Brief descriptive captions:

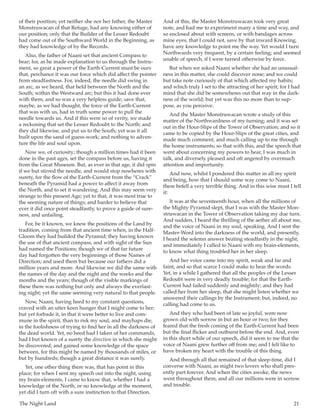 The Night Land	 21
of their position; yet neither she nor her father, the Master
Monstruwacan of that Refuge, had any knowing either of
our position; only that the Builder of the Lesser Redoubt
had come out of the Southward World in the Beginning, as
they had knowledge of by the Records.
Also, the father of Naani set that ancient Compass to
bear; for, as he made explanation to us through the Instru-
ment, so great a power of the Earth-Current must be ours
that, perchance it was our force which did affect the pointer
from steadfastness. For, indeed, the needle did swing in
an arc, as we heard, that held between the North and the
South; within the Westward arc; but this it had done ever
with them, and so was a very helpless guide; save that,
maybe, as we had thought, the force of the Earth-Current
that was with us, had in truth some power to pull the
needle towards us. And if this were so of verity, we made
a reckoning that set the Lesser Redoubt to the North; and
they did likewise, and put us to the South; yet was it all
built upon the sand of guess-work; and nothing to adven-
ture the life and soul upon.
Now we, of curiosity; though a million times had it been
done in the past ages, set the compass before us, having it
from the Great Museum. But, as ever in that age, it did spin
if we but stirred the needle, and would stop nowheres with
surety, for the flow of the Earth-Current from the “Crack”
beneath the Pyramid had a power to affect it away from
the North, and to set it wandering. And this may seem very
strange to this present Age; yet to that, it was most true to
the seeming nature of things; and harder to believe that
ever it did once point steadfastly, to prove a guide of sure-
ness, and unfailing.
For, be it known, we knew the positions of the Land by
tradition, coming from that ancient time when, in the Half-
Gloom they had builded the Pyramid; they having known
the use of that ancient compass, and with sight of the Sun
had named the Positions; though we of that far future
day had forgotten the very beginnings of those Names of
Direction; and used them but because our fathers did a
million years and more. And likewise we did the same with
the names of the day and the night and the weeks and the
months and the years; though of the visible markings of
these there was nothing but only and always the everlast-
ing night; yet the same seeming very natural to that people.
Now, Naani, having heed to my constant questions,
craved with an utter keen hunger that I might come to her;
but yet forbade it, in that it were better to live and com-
mune in the spirit, than to risk my soul, and mayhaps die,
in the foolishness of trying to find her in all the darkness of
the dead world. Yet, no heed had I taken of her commands,
had I but known of a surety the direction in which she might
be discovered; and gained some knowledge of the space
between, for this might be named by thousands of miles, or
but by hundreds; though a great distance it was surely.
Yet, one other thing there was, that has point in this
place; for when I sent my speech out into the night, using
my brain-elements, I came to know that, whether I had a
knowledge of the North, or no knowledge at the moment,
yet did I turn oft with a sure instinction to that Direction.
And of this, the Master Monstruwacan took very great
note, and had me to experiment many a time and way, and
so enclosed about with screens, or with bandages across
mine eyes, that I could not, save by that inward Knowing,
have any knowledge to point me the way. Yet would I turn
Northwards very frequent, by a certain feeling; and seemed
unable of speech, if I were turned otherwise by force.
But when we asked Naani whether she had an unusual-
ness in this matter, she could discover none; and we could
but take note curiously of that which affected my habits;
and which truly I set to the attracting of her spirit; for I had
mind that she did be somewheres out that way in the dark-
ness of the world; but yet was this no more than to sup-
pose, as you perceive.
And the Master Monstruwacan wrote a study of this
matter of the Northwardness of my turning; and it was set
out in the Hour-Slips of the Tower of Observation; and so it
came to be copied by the Hour-Slips of the great cities, and
made much comment, and much calling up to me through
the home instruments; so that with this, and the speech that
went about concerning my powers to hear, I was much in
talk, and diversely pleased and oft angered by overmuch
attention and importunity.
And now, whilst I pondered this matter in all my spirit
and being, how that I should some way come to Naani,
there befell a very terrible thing. And in this wise must I tell
it:
It was at the seventeenth hour, when all the millions of
the Mighty Pyramid slept, that I was with the Master Mon-
struwacan in the Tower of Observation taking my due turn.
And sudden, I heard the thrilling of the aether all about me,
and the voice of Naani in my soul, speaking. And I sent the
Master-Word into the darkness of the world, and presently,
I heard the solemn answer beating steadfastly in the night;
and immediately I called to Naani with my brain-elements,
to know what thing troubled her in her sleep.
And her voice came into my spirit, weak and far and
faint, and so that scarce I could make to hear the words.
Yet, in a while I gathered that all the peoples of the Lesser
Redoubt were in very deadly trouble; for that the Earth-
Current had failed suddenly and mightily; and they had
called her from her sleep, that she might listen whether we
answered their callings by the Instrument; but, indeed, no
calling had come to us.
And they who had been of late so joyful, were now
grown old with sorrow in but an hour or two; for they
feared that the fresh coming of the Earth-Current had been
but the final flicker and outburst before the end. And, even
in this short while of our speech, did it seem to me that the
voice of Naani grew further off from me; and I felt like to
have broken my heart with the trouble of this thing.
And through all that remained of that sleep-time, did I
converse with Naani, as might two lovers who shall pres-
ently part forever. And when the cities awoke, the news
went throughout them, and all our millions were in sorrow
and trouble.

**Task to carry out:**
Beginning at the line with "the Mighty Pyramid" and stopping after the line with "Current had failed", please write out every line of the data above exactly and nothing else.

**Task response:**
the Mighty Pyramid slept, that I was with the Master Mon-
struwacan in the Tower of Observation taking my due turn.
And sudden, I heard the thrilling of the aether all about me,
and the voice of Naani in my soul, speaking. And I sent the
Master-Word into the darkness of the world, and presently,
I heard the solemn answer beating steadfastly in the night;
and immediately I called to Naani with my brain-elements,
to know what thing troubled her in her sleep.
And her voice came into my spirit, weak and far and
faint, and so that scarce I could make to hear the words.
Yet, in a while I gathered that all the peoples of the Lesser
Redoubt were in very deadly trouble; for that the Earth-
Current had failed suddenly and mightily; and they had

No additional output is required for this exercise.